> _STORED DATA_
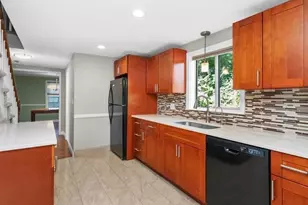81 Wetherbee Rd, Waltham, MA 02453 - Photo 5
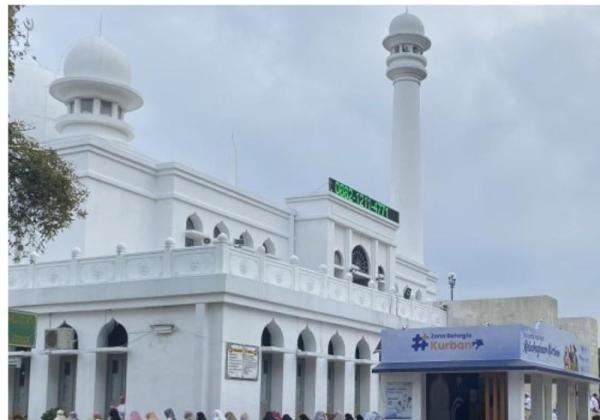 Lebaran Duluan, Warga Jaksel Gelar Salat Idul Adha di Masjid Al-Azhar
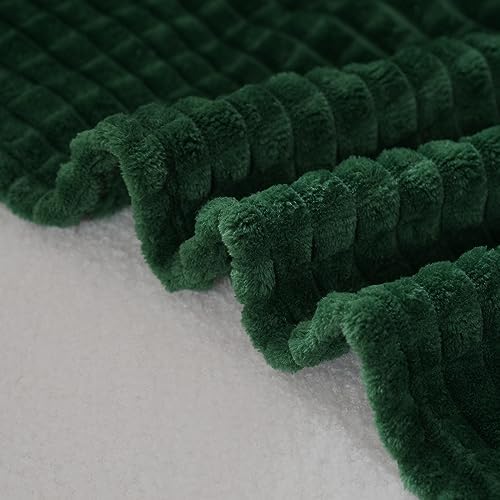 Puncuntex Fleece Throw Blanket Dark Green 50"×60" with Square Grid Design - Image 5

> _TASK DIRECTIONS_
Would you restate the listing word for word and leave every picture out?

> _RESPONSE AREA_
81 Wetherbee Rd, Waltham, MA 02453 - Photo 5
 Lebaran Duluan, Warga Jaksel Gelar Salat Idul Adha di Masjid Al-Azhar
 Puncuntex Fleece Throw Blanket Dark Green 50"×60" with Square Grid Design - Image 5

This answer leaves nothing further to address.